* **Collected data entries**:
Start of Block

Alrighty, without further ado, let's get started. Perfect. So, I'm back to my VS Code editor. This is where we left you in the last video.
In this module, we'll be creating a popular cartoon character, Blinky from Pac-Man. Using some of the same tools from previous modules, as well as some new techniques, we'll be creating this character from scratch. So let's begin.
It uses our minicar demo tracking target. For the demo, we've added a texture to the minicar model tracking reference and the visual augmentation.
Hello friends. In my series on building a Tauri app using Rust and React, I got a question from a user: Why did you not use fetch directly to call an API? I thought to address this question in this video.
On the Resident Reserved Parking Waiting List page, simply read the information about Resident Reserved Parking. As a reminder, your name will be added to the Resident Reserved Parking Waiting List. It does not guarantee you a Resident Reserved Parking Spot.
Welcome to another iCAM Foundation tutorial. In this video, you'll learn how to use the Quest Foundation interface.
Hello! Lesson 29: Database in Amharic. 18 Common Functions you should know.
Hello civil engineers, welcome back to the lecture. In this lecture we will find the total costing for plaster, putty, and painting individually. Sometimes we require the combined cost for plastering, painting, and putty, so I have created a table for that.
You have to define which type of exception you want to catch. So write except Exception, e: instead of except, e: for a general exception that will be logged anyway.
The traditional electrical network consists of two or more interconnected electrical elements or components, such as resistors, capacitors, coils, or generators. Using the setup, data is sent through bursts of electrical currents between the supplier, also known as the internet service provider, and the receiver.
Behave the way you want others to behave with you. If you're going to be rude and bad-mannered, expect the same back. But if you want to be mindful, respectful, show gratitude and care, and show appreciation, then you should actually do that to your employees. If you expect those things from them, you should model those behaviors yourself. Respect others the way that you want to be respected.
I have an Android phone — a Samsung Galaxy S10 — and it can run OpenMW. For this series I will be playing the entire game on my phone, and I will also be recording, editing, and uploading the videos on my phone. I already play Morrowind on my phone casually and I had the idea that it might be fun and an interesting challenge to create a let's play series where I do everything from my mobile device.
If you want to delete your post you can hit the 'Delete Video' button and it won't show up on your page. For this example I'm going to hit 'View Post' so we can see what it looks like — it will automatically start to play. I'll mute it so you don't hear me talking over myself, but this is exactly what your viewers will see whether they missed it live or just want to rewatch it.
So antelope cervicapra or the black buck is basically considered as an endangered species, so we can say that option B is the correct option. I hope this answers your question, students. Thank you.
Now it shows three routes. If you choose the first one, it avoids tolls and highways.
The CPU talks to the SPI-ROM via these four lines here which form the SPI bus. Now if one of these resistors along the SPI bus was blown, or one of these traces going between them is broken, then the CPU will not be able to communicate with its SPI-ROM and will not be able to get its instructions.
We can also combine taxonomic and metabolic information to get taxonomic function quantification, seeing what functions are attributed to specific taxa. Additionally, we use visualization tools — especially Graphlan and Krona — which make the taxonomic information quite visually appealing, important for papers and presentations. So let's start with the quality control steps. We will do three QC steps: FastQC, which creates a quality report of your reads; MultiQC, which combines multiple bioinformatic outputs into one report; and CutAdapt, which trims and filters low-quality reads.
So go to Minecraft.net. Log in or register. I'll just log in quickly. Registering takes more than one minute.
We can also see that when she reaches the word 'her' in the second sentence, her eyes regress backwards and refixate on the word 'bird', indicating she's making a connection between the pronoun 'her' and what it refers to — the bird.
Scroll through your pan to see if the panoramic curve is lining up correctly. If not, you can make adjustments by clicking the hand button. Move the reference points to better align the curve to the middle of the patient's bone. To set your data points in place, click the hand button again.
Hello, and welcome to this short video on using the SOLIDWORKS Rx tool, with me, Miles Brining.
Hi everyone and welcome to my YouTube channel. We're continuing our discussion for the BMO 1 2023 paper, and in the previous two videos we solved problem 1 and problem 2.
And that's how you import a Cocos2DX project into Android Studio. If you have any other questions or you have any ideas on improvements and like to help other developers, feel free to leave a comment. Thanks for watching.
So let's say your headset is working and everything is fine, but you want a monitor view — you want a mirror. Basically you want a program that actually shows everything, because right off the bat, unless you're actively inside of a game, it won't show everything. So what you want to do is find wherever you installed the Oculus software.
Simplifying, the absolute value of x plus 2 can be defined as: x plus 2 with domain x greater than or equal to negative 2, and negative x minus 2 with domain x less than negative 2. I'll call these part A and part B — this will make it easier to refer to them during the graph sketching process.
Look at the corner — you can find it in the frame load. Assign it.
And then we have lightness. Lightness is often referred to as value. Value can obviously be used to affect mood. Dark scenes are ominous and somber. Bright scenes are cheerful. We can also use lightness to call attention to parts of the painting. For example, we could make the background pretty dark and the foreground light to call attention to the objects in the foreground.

End of Block

From the entries above, write out only the lines starting at the line that holds "And that's how" and ending at the line that holds "Look at the", keeping both and matching them exactly.

* **EXERCISE ANSWER**:
And that's how you import a Cocos2DX project into Android Studio. If you have any other questions or you have any ideas on improvements and like to help other developers, feel free to leave a comment. Thanks for watching.
So let's say your headset is working and everything is fine, but you want a monitor view — you want a mirror. Basically you want a program that actually shows everything, because right off the bat, unless you're actively inside of a game, it won't show everything. So what you want to do is find wherever you installed the Oculus software.
Simplifying, the absolute value of x plus 2 can be defined as: x plus 2 with domain x greater than or equal to negative 2, and negative x minus 2 with domain x less than negative 2. I'll call these part A and part B — this will make it easier to refer to them during the graph sketching process.
Look at the corner — you can find it in the frame load. Assign it.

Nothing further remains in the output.